--- Supplied data ---

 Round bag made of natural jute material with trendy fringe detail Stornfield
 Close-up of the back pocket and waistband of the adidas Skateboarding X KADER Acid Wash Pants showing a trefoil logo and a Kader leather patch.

---
--- Supplied data ---

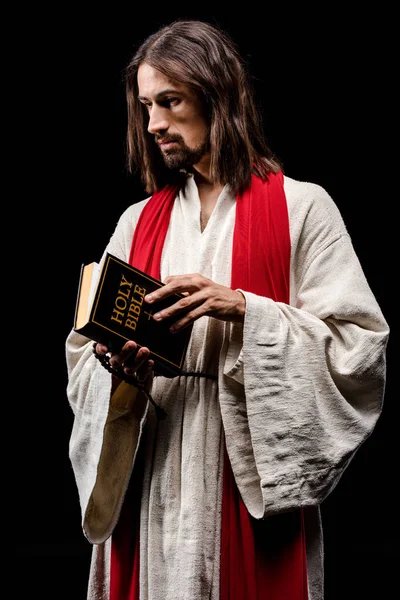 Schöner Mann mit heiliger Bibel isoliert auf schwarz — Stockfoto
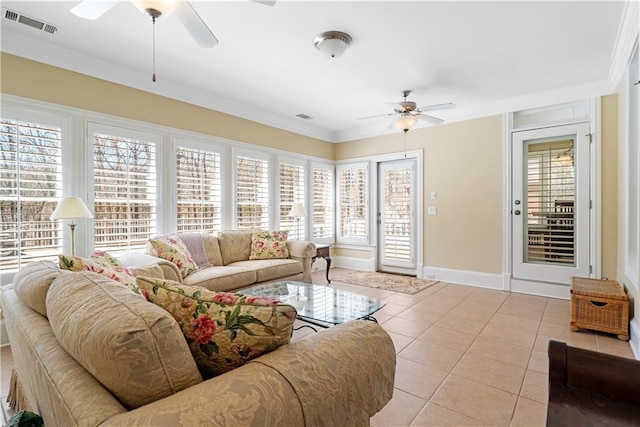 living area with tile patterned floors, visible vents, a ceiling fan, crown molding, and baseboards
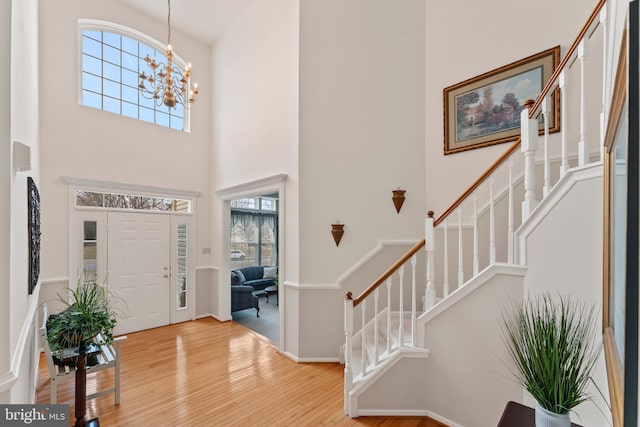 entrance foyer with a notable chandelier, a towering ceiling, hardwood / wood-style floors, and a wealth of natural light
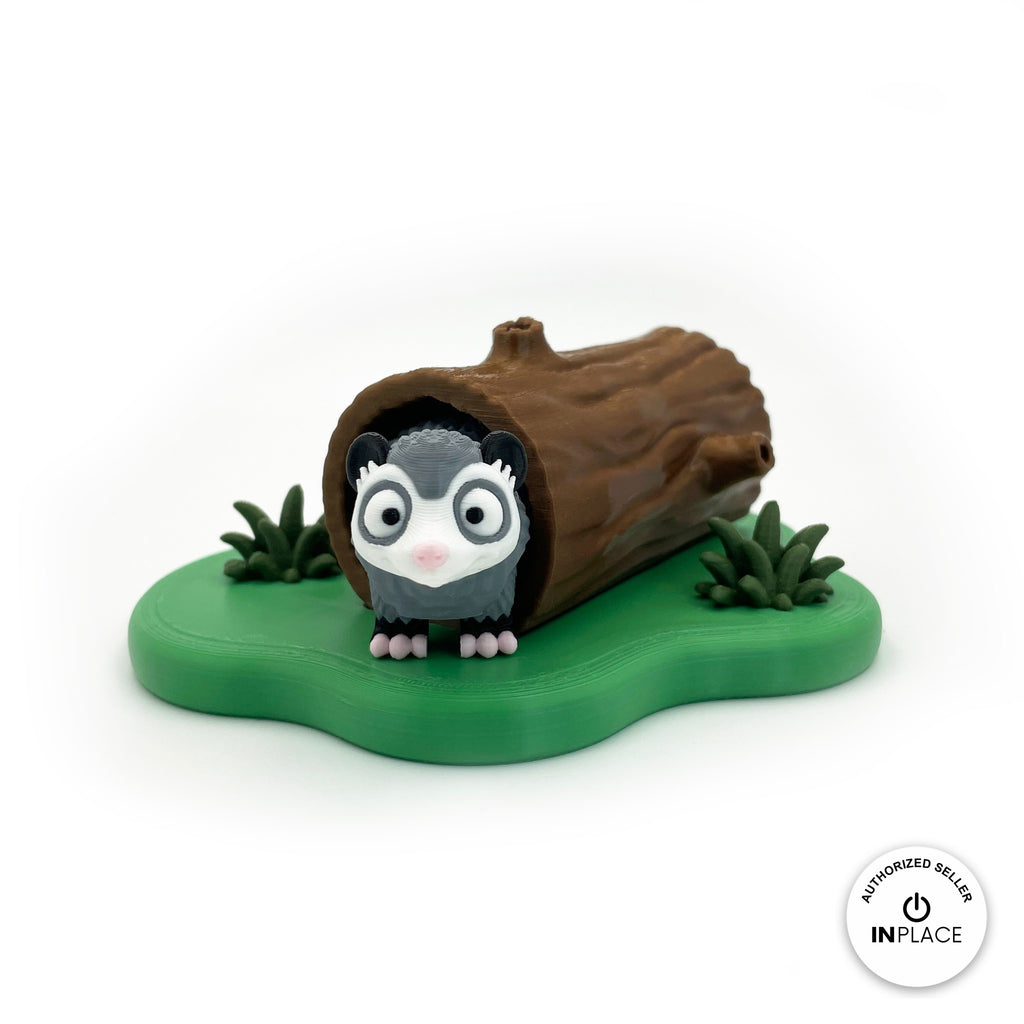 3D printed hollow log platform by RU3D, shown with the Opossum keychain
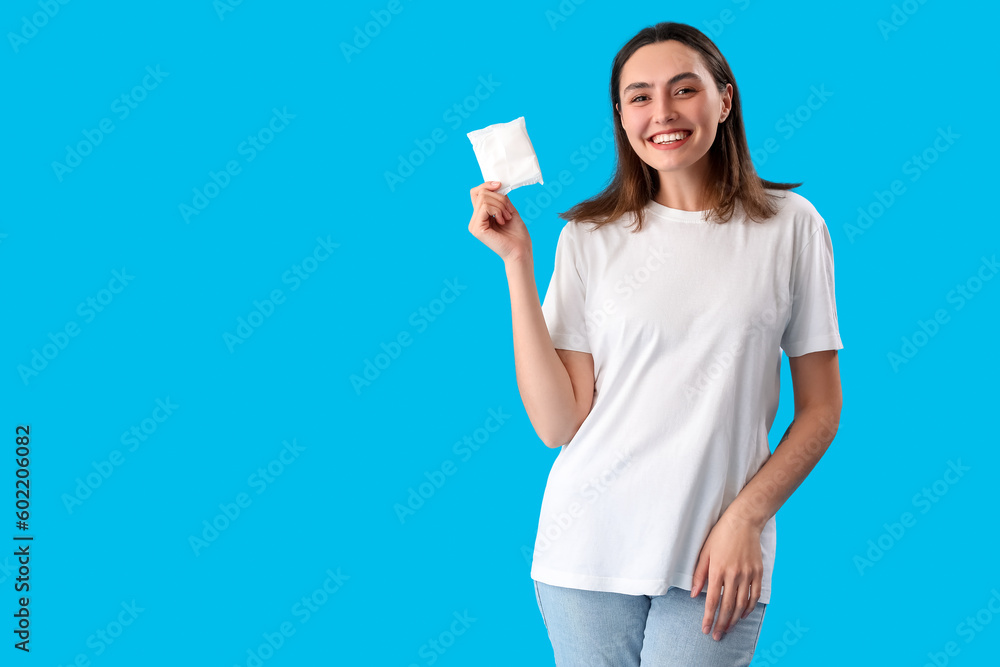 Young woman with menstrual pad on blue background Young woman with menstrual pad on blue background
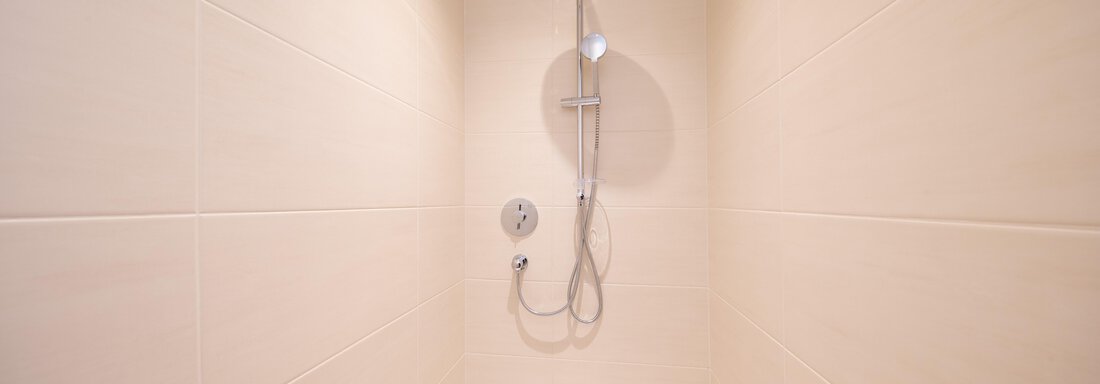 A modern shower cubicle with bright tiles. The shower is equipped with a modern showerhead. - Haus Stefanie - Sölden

---

◆ Your instructions ◆
All that is wanted is a faithful reproduction of the line above with "Round bag made", the line with "Close-up of the", and every line in between.

◆ Answer ◆
 Round bag made of natural jute material with trendy fringe detail Stornfield
 Close-up of the back pocket and waistband of the adidas Skateboarding X KADER Acid Wash Pants showing a trefoil logo and a Kader leather patch.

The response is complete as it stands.